§ DESCRIPTION OF THE TASK:
Please, without the pictures, restate every entry exactly.

[[ PROVIDED DATA open ]]

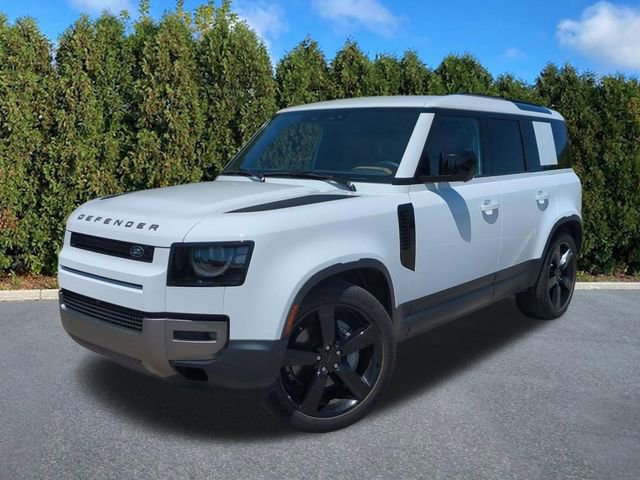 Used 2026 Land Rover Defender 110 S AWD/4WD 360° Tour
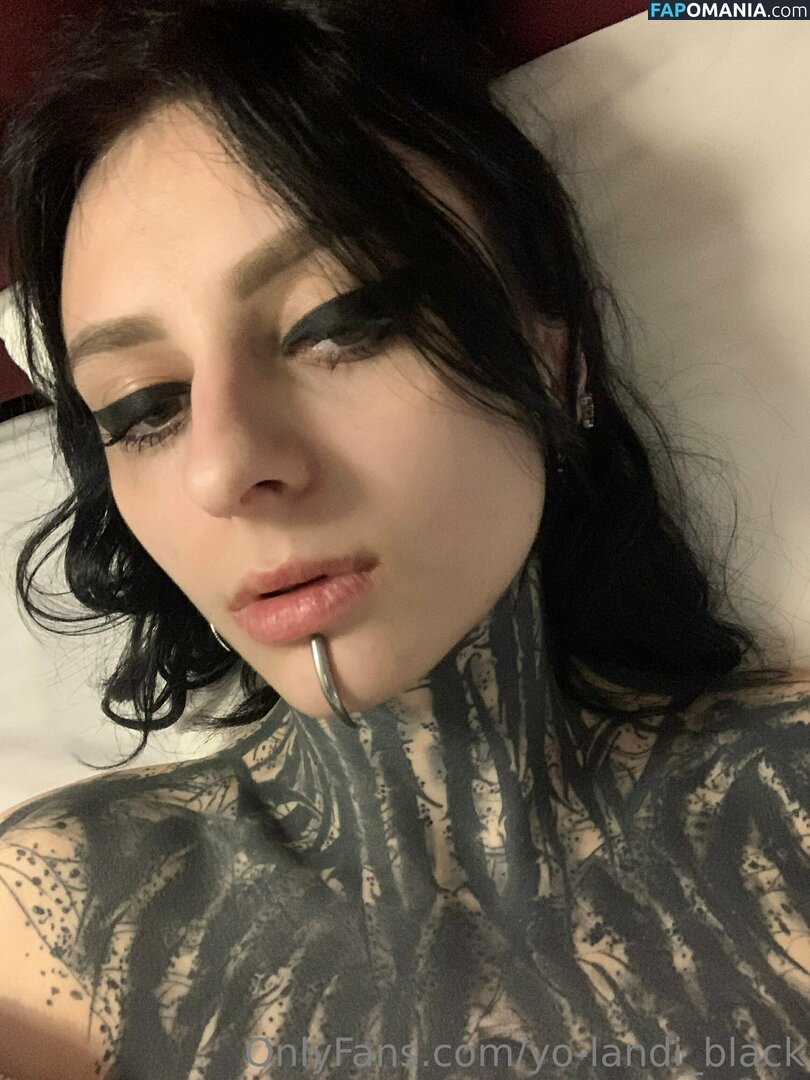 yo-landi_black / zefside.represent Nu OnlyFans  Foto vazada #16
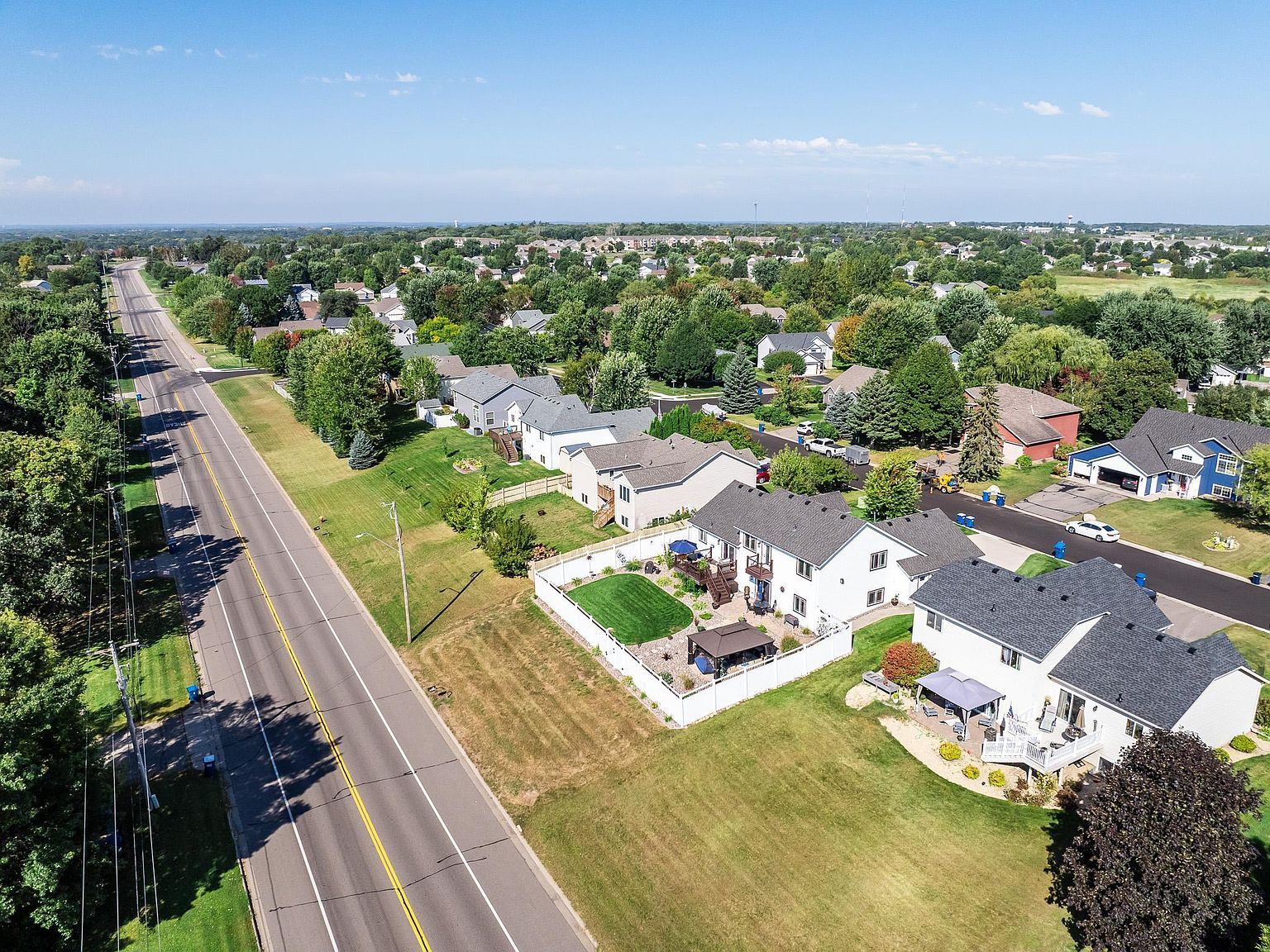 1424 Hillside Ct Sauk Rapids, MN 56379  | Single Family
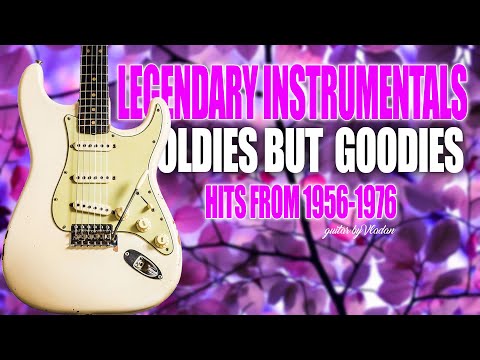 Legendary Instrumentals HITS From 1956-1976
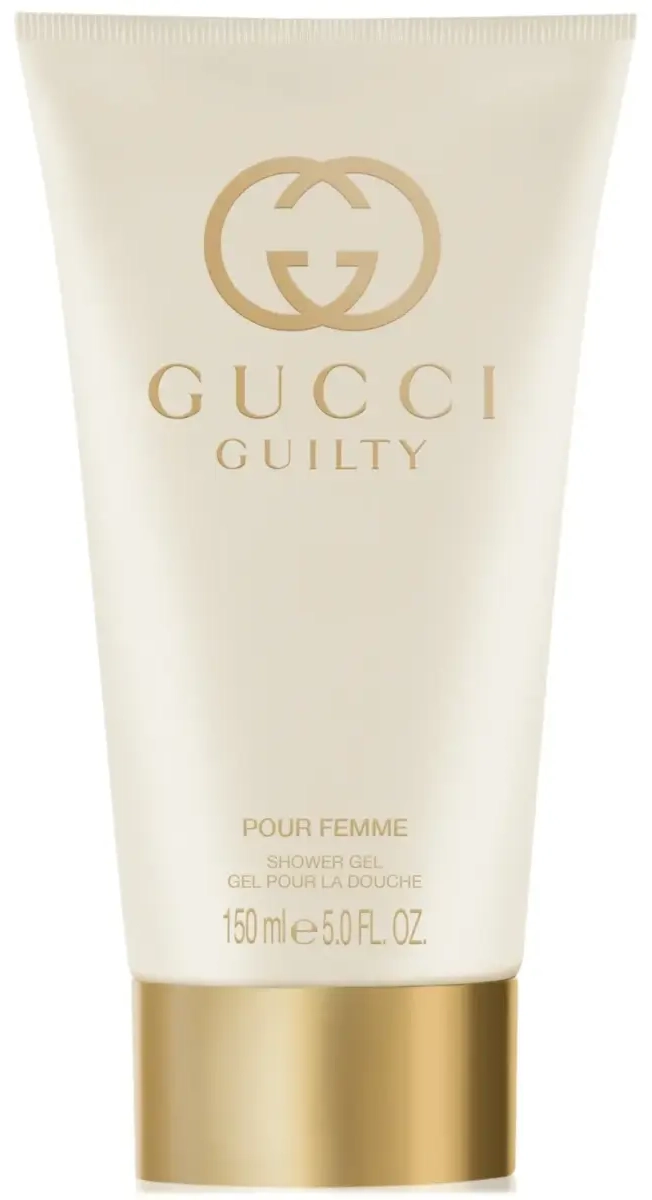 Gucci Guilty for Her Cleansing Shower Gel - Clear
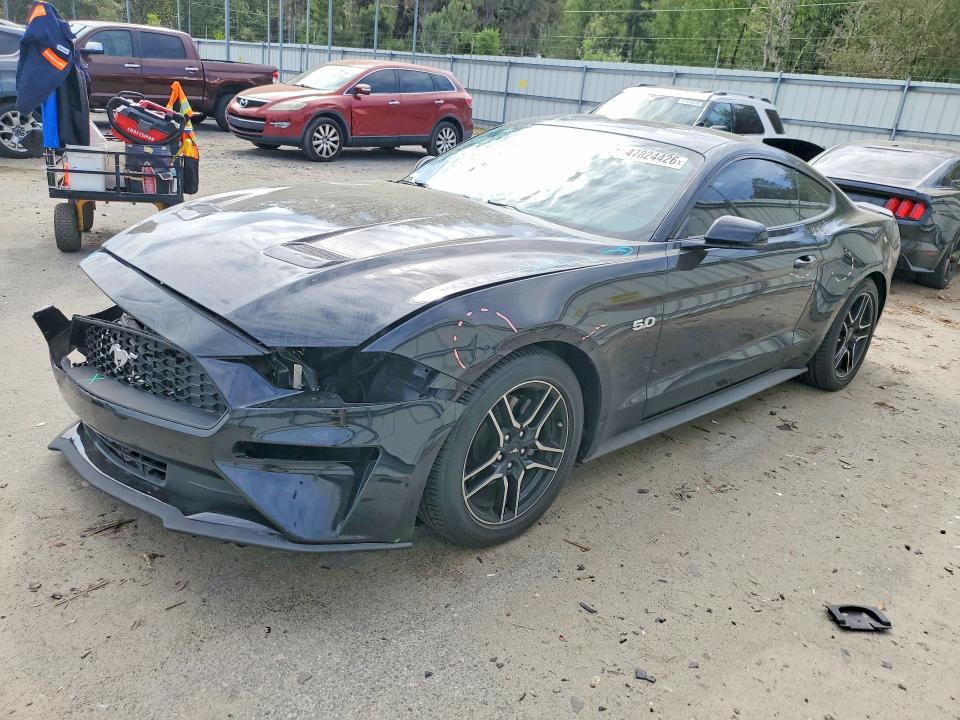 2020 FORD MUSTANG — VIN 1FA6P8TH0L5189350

[[ PROVIDED DATA closed ]]

§ EXERCISE RESULT:
 Used 2026 Land Rover Defender 110 S AWD/4WD 360° Tour
 yo-landi_black / zefside.represent Nu OnlyFans  Foto vazada #16
 1424 Hillside Ct Sauk Rapids, MN 56379  | Single Family
 Legendary Instrumentals HITS From 1956-1976
 Gucci Guilty for Her Cleansing Shower Gel - Clear
 2020 FORD MUSTANG — VIN 1FA6P8TH0L5189350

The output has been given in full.